Dan jika sudah begitu keadaannya, saya sarankan lebih baik lupakan saja dirinya. Lebih baik memfokuskan diri menggapai cita-cita yg belum terealisasi. Bukankah hal itu lebih realistis, lebih baik dan lebih menyenangkan daripada memikirkan dirinya yg belum tentu adalah jodoh yang Allah pilihkan untukmu..?

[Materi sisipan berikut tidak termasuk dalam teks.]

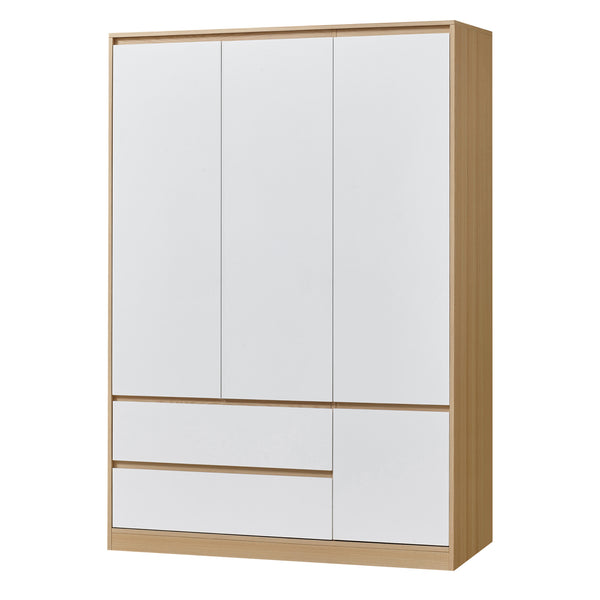 Armoire de chambre Bastheim MDF effet chêne blanc [en.casa]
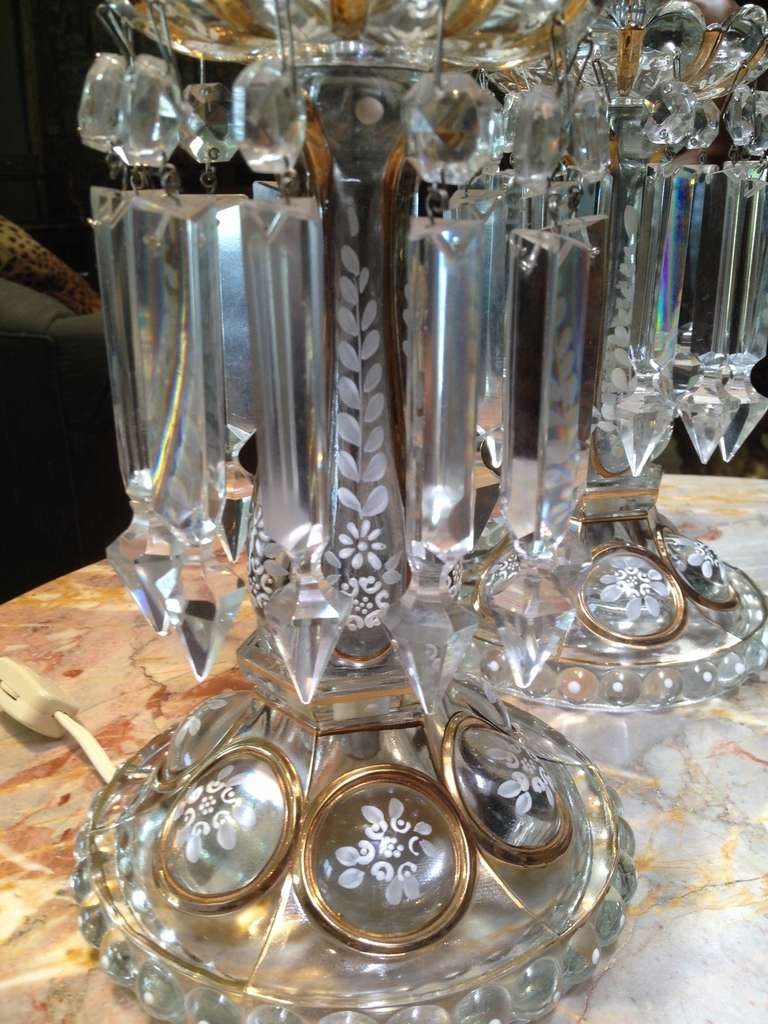French Lovely Baccarat Clear Glass Luster Candelabra Lamps c1900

Kembali ke sahabat pelajar yang curhat tersebut. Alhasil, dia belum bisa menerima dan tidak puas dengan jawaban yg saya berikan. Seringnya mereka bertemu ( karena mereka satu sekolah ), menjadikannya sulit sekali untuk melupakan si gadis. Ya begitulah cinta, memang sungguh menyiksa jika engkau menyikapi datangnya cinta yg memang belum saatnya. Karena itu bagi saya pribadi, cinta adalah sebuah pernikahan. Jujur saya katakan bahwa saya sendiri tidak tahu bagaimana rasanya berpacaran dan bagaimana indahnya sekaligus deritanya akibat dari cinta monyet tersebut. Karena sejak saya dibangku SMP, SMA, bahkan di perguruan tinggi belum pernah merasakan namanya pacaran dengan segala atribut indahnya yaitu cinta monyet tersebut.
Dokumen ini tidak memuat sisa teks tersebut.